Web page caption snippets:
• • • •

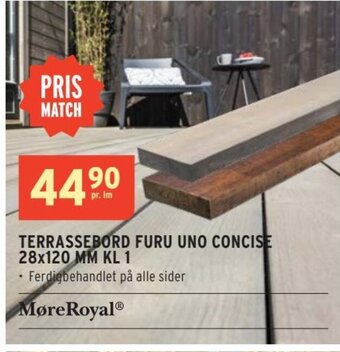 Montér TERRASSEBORD FURU UNO CONCISE 28x120 MM KL 1 tilbud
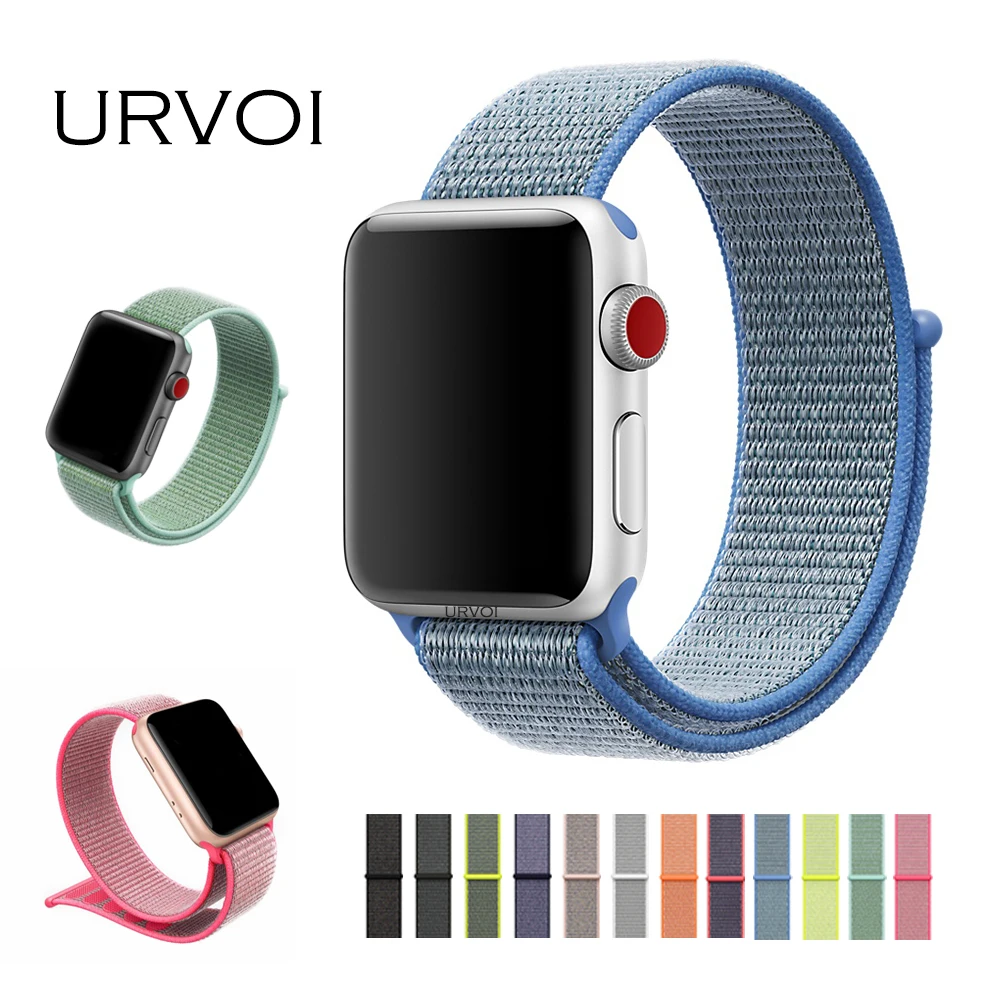 URVOI 2019 Спортивная петля для apple watch series 4 3 2 1 ремешок iwatch двухслойная тканая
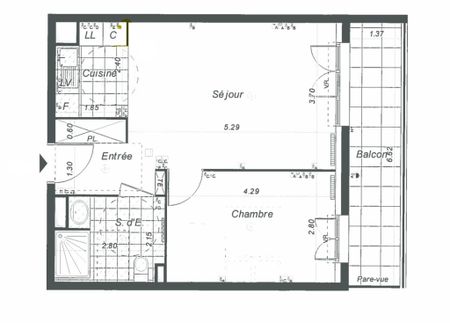 Location appartement 2 pièces, 45.15m², Lognes - Photo 2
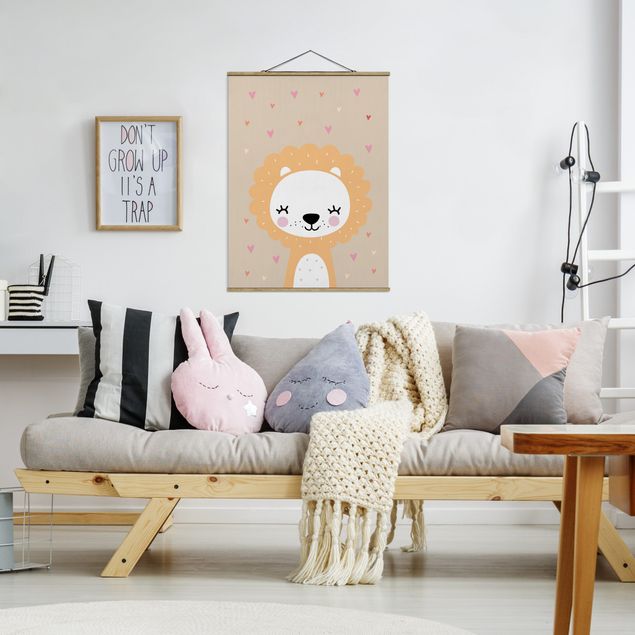 Fabric print with poster hangers - The Kind Lion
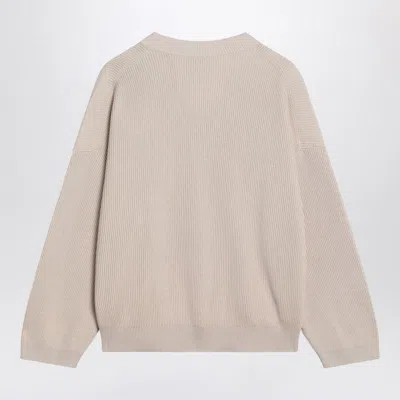 Brunello Cucinelli V-neck Rib Knit Sweater With Monili-insert In Neutral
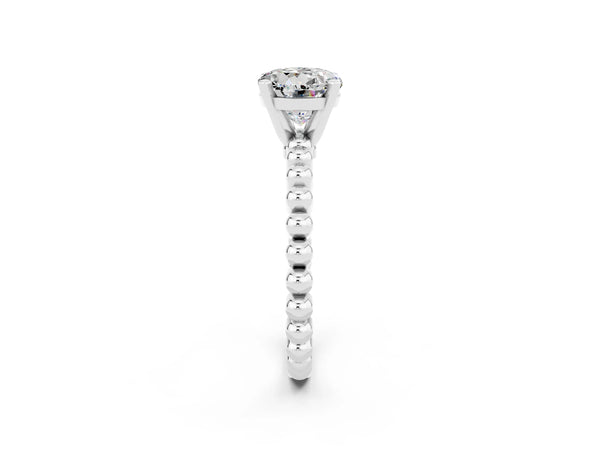 Platinum Round Cut Moissanite Solitaire Ring with Beaded Band and Prong Setting
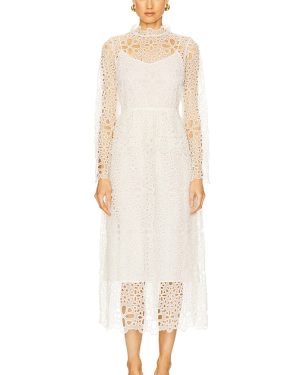 Sea Lumi Eyelet Peplum Long Sleeve Dress in White. Size 00, 2, 4.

• • • •

Task item:
Would you return all of the entries unchanged while omitting the images?

Answer:
 Montér TERRASSEBORD FURU UNO CONCISE 28x120 MM KL 1 tilbud
 URVOI 2019 Спортивная петля для apple watch series 4 3 2 1 ремешок iwatch двухслойная тканая
 Location appartement 2 pièces, 45.15m², Lognes - Photo 2
 Fabric print with poster hangers - The Kind Lion
 Brunello Cucinelli V-neck Rib Knit Sweater With Monili-insert In Neutral
 Platinum Round Cut Moissanite Solitaire Ring with Beaded Band and Prong Setting
 Sea Lumi Eyelet Peplum Long Sleeve Dress in White. Size 00, 2, 4.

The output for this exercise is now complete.